Have Essential Conversations
(Here’s How)

Open your mouth, judge righteously, defend the rights of the poor and needy. Proverbs 31:9 (ESV)

Let's face it.  Most of us don't like to talk about race.  Maybe you've been concerned about what others may say.  Or maybe you've been thinking "I'm not racist, and you're not racist, so what is there to talk about?" But no matter how you feel about it, the racial divide is much too important not to talk about it!  And we especially need to talk with others whose race is different from our own. Keep in mind that if you focus on listening to truly understand the other person's view instead to trying to get them to understand yours, you should be fine. Here are some tips to help you along the way.

Yes, You Can Talk About Race At Work (It’s About Time You Do)

Avoid Missteps

  • Keeping silent. Many White people avoid talking about race because they’re concerned about being seen as prejudiced, so they adopt strategic colorblindness instead.  
    • But being neutral means you’ve chosen the side of the oppressor.  The words of Dr. Martin Luther King remind us: “In the end, we will remember not the words of our enemies, but the silence of our friends.”
    • No one has the perfect words to address the deep pain caused by racism in our society.  But we all need to try.  And we need to give others grace if their efforts fall short in our eyes.

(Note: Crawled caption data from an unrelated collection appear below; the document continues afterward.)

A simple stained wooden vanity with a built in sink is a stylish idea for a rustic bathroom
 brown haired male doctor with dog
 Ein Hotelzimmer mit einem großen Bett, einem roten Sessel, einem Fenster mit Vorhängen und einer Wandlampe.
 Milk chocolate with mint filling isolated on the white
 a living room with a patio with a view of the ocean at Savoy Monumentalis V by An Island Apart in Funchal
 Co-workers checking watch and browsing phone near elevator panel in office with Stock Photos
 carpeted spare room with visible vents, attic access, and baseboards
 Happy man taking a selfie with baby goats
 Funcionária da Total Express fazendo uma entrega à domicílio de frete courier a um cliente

  • Becoming overly defensive.  It can be easy to react defensively, especially when our world-views, or advantages are challenged. Robin DiAngelo’s research on white fragility gives some examples.   
    • When hearing about police brutality against unarmed Black people, one might be tempted to justify it by searching for evidence that the victim did something to deserve the abuse, rather than acknowledge the actual abuse.  
    • If some people engage in looting during protest, one might become defensive and try to discredit the protest by focusing the looting as being more important than the pattern of injustice that drove people to the streets.
    • These reactions only put up walls between us and don’t allow for constructive engagement. Remember that comments on systemic inequalities are not personal attacks.

  • Overgeneralizing. When triggering events occur, there is a tendency to make sweeping generalizations about groups of people involved in the public conflict.
    • Though individuals of the same race, gender or other identity often have shared experiences, don’t assume that “they” all think and feel the same thing or even that all the people of your race or identity group share the same views as you.  
    • When in doubt, ask others about their individual experiences to acknowledge their uniqueness without asking them to speak for everyone in their identity group.

  • Take Meaningful Action
    • Do the research to fully understand events, using information from reliable sources. Take the initiative to search beyond social media.
    • Do give others the space to be angry, afraid, or disenchanted in response to events.
    • If you are not Black,
      • Do not rely on Black people to educate you about their experiences or to justify their hurt or outrage
      • Do not try to avoid the issue of racism by being “colorblind”.  If you are a White person who doesn’t see anyone else’s race then you’re assuming their experiences and views are the same as yours, and it may mean you’re not seeing  them for who they truly are.